▶ RECORD SET
┌────────

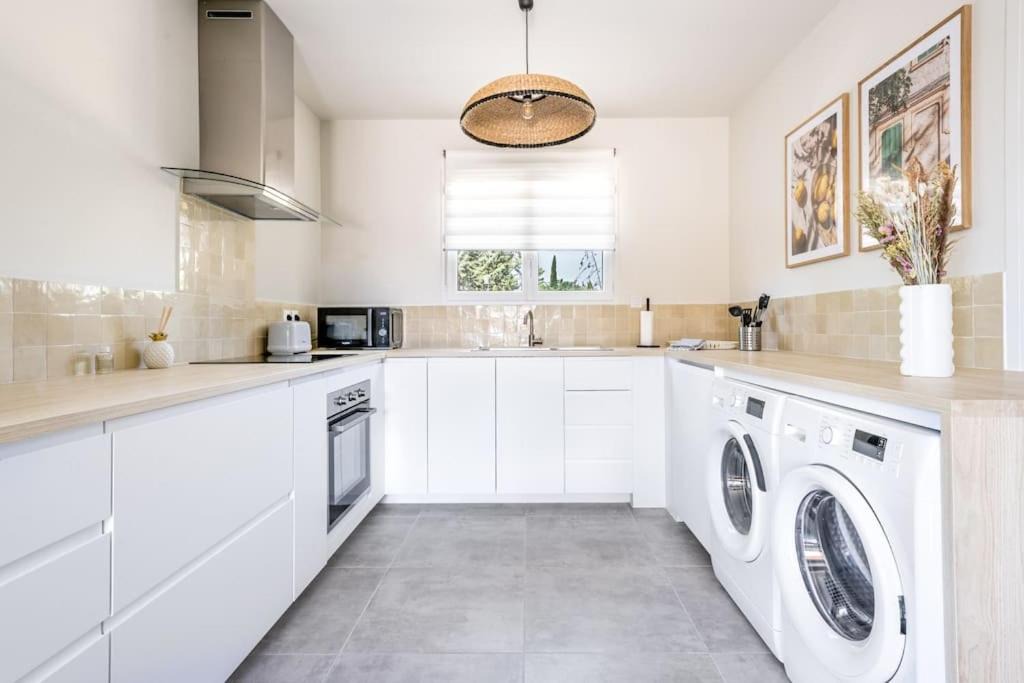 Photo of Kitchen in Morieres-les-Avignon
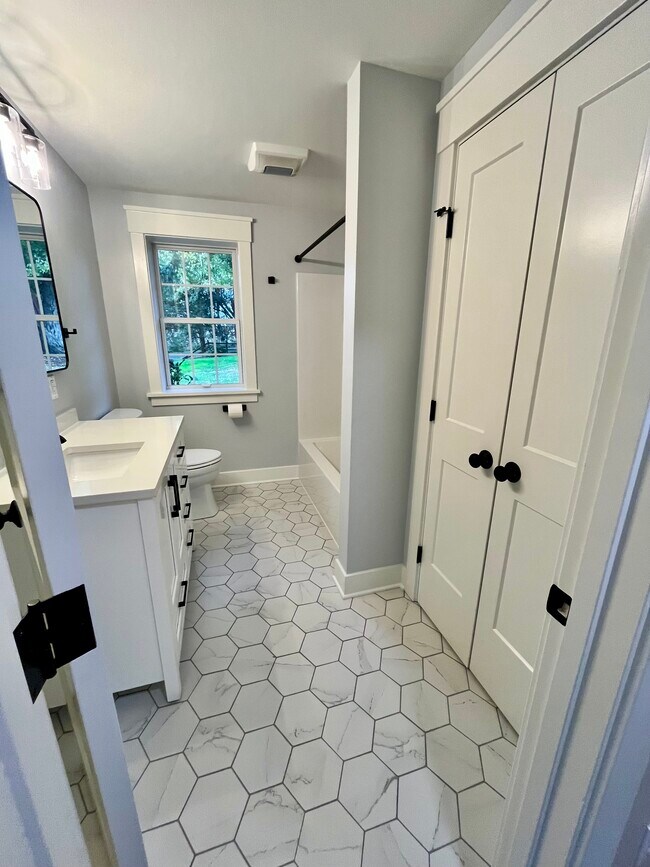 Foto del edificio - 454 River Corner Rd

└────────
┌────────

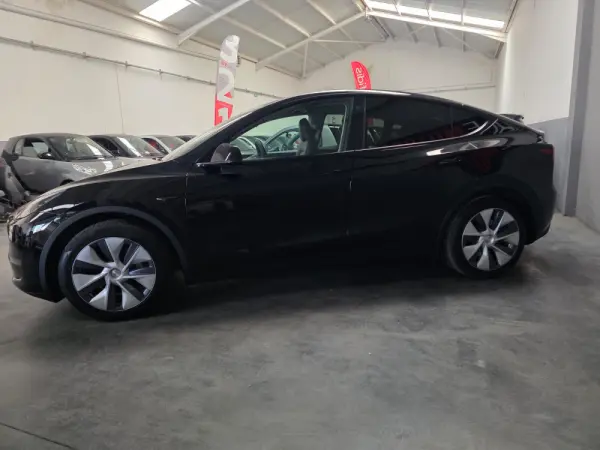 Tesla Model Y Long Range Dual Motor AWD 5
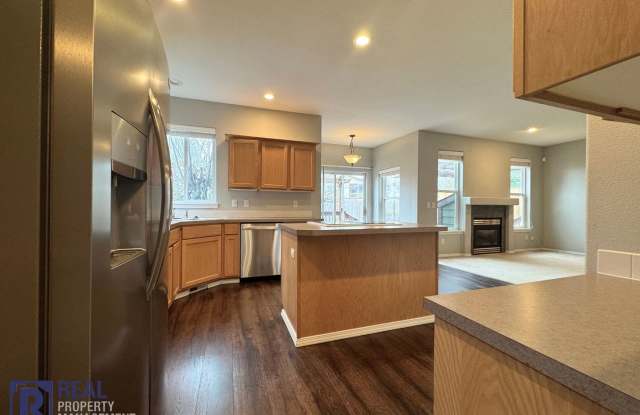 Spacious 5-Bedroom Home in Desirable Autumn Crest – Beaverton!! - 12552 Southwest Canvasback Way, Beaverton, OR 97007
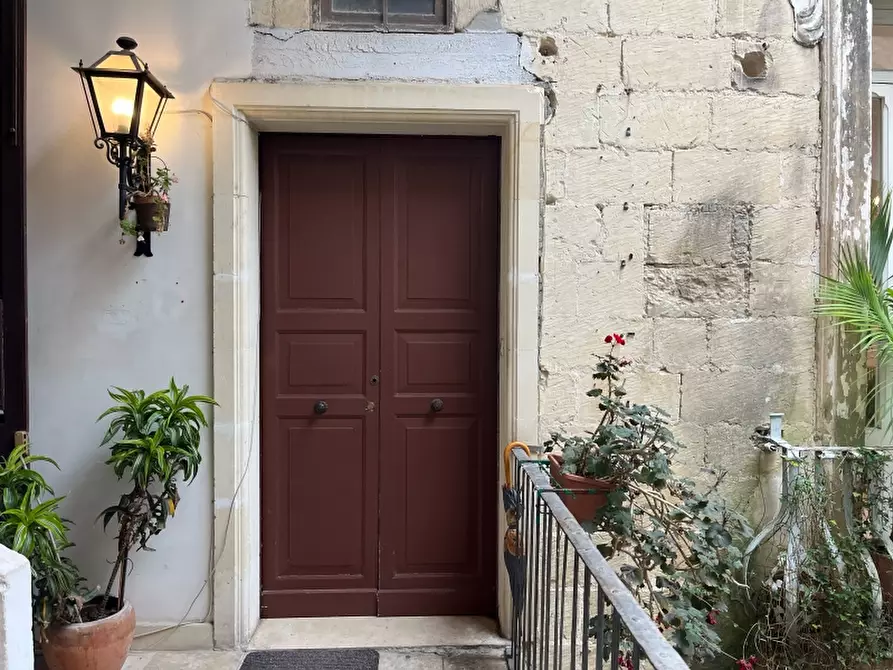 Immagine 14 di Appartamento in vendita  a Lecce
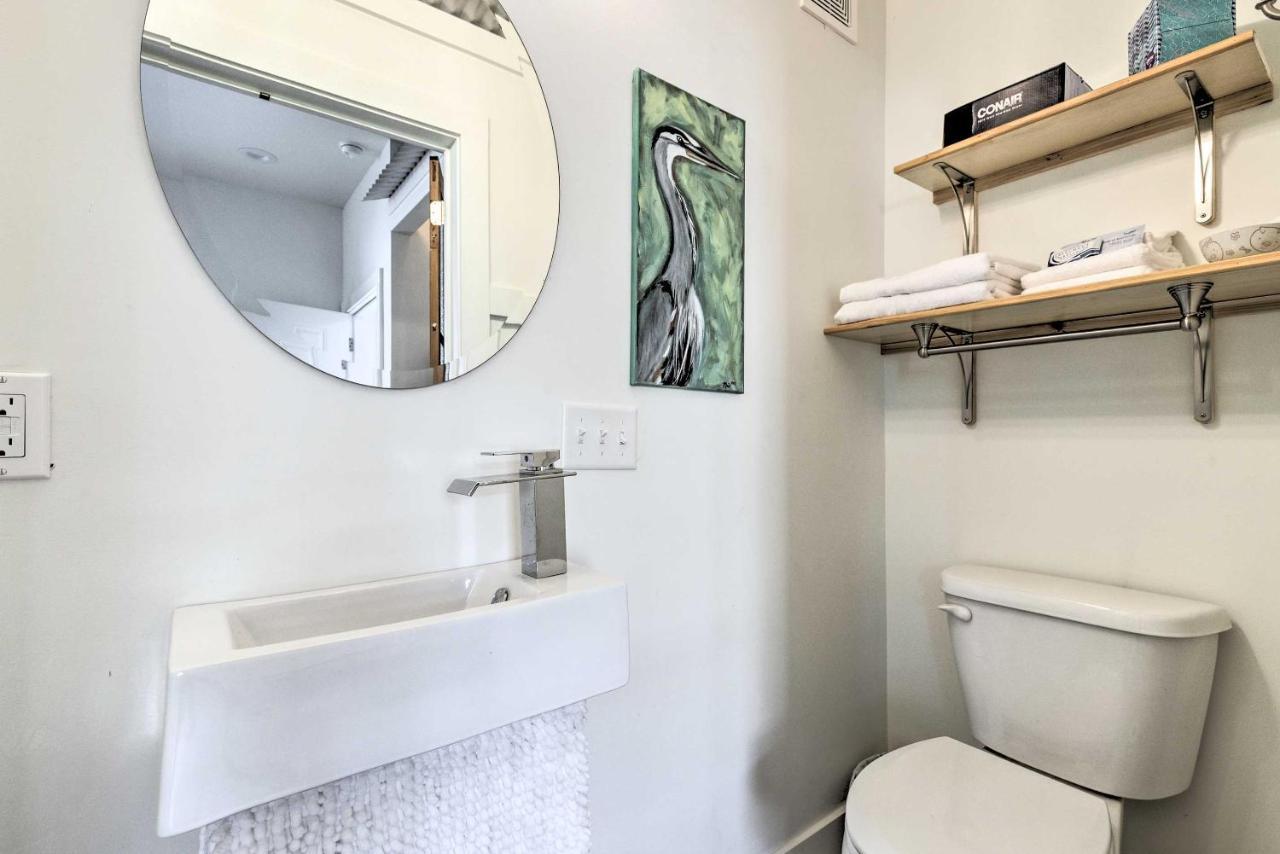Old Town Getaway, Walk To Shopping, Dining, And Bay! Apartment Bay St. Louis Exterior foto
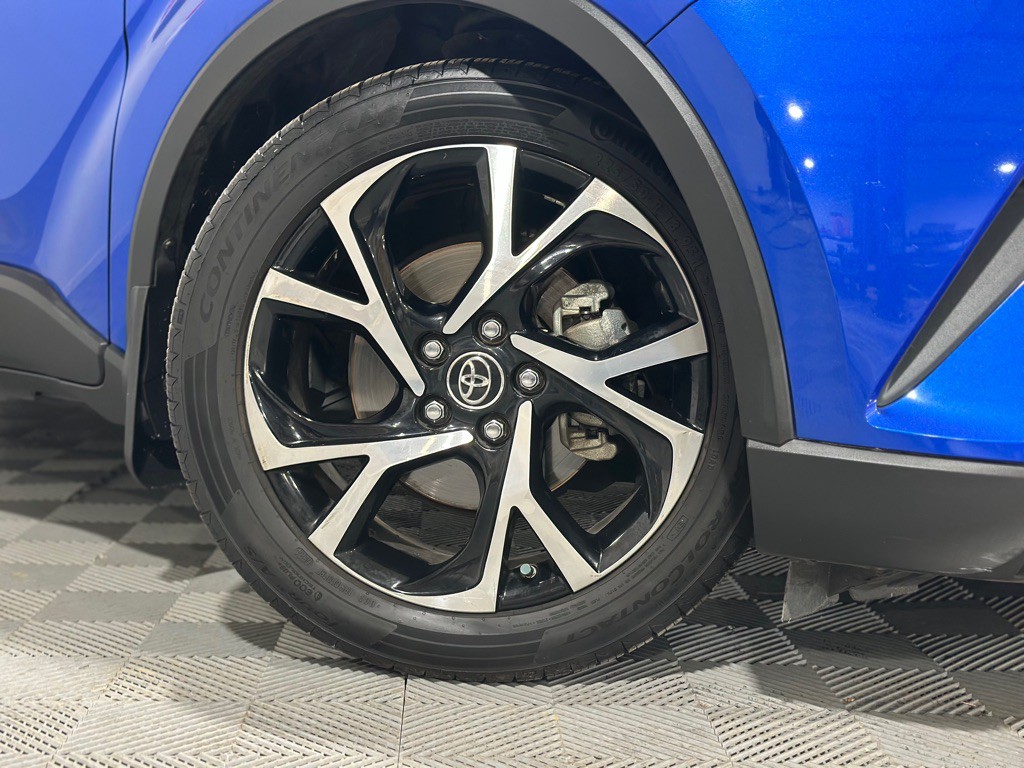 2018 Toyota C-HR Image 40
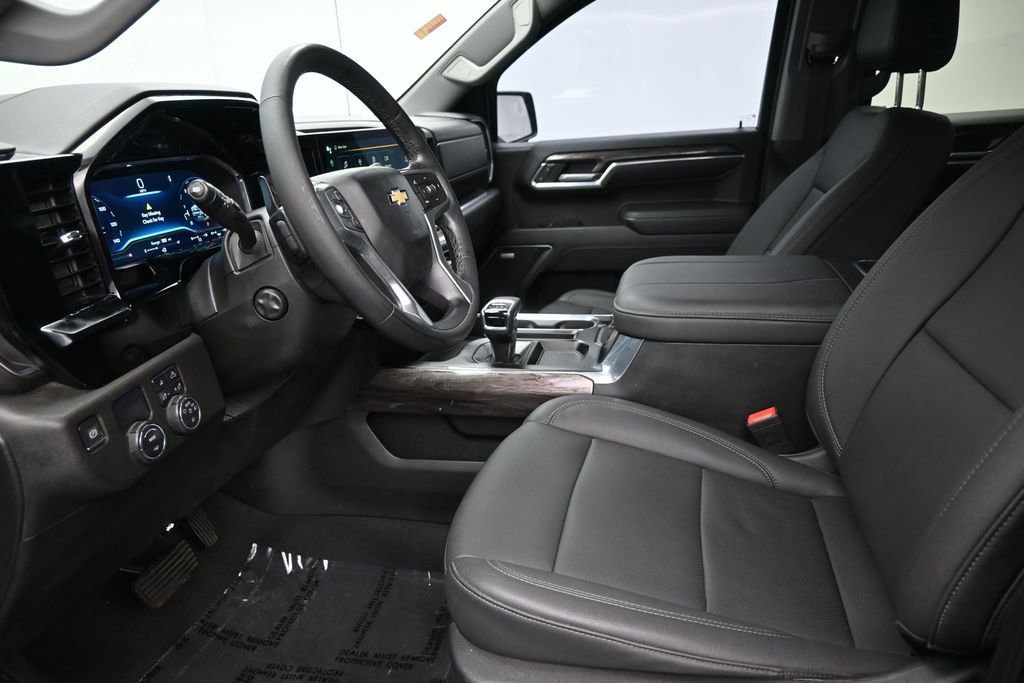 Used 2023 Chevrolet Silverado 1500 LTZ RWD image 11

└────────
┌────────

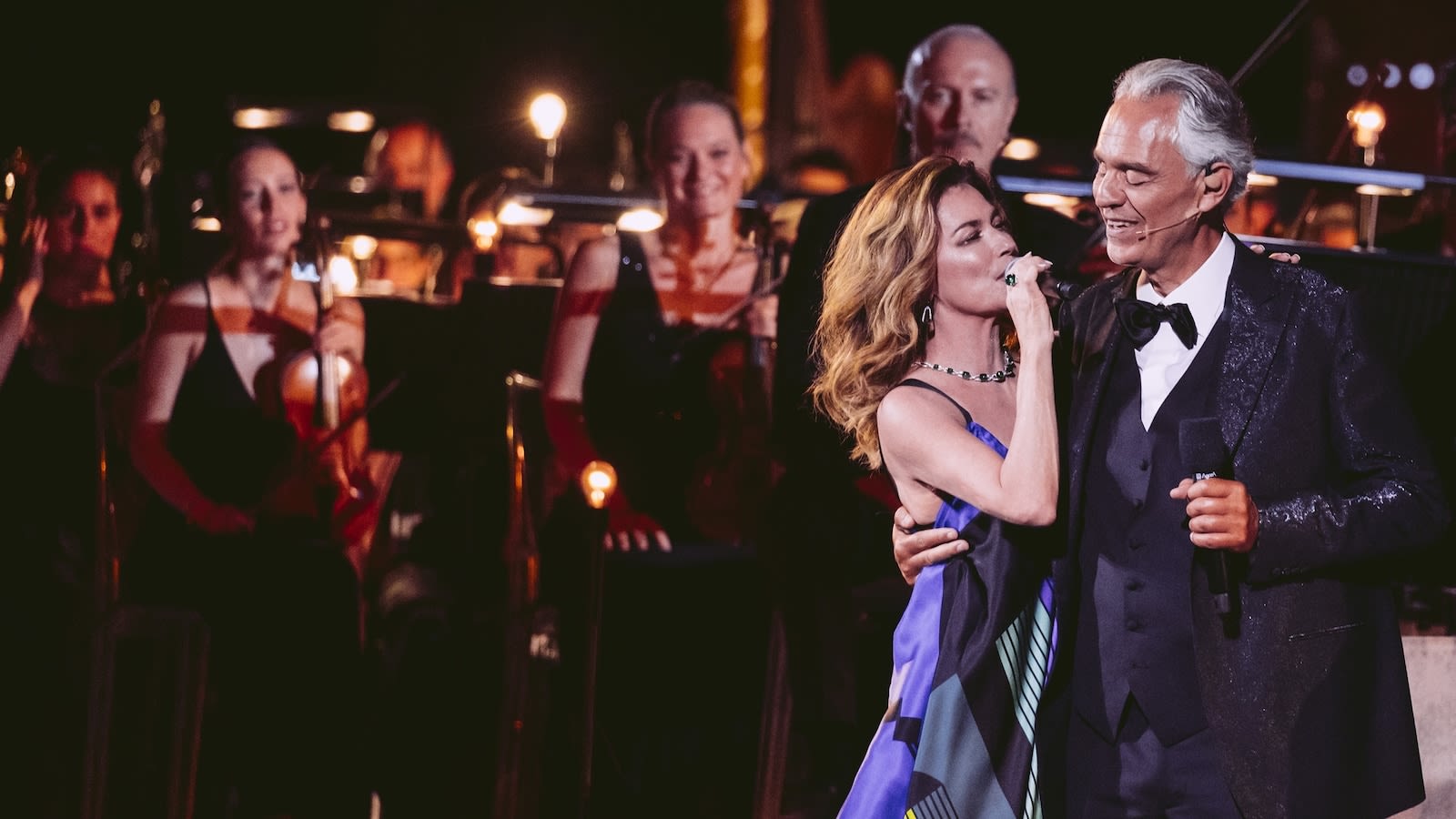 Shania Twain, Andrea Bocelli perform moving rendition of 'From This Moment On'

└────────

▶ YOUR INSTRUCTIONS
The answer is the lines of the material above, from the one containing "Photo of Kitchen in Morieres-les-Avignon" down to the one containing "Foto del edificio - 454 River Corner Rd", given exactly and without images.

▶ WRITTEN REPLY
 Photo of Kitchen in Morieres-les-Avignon
 Foto del edificio - 454 River Corner Rd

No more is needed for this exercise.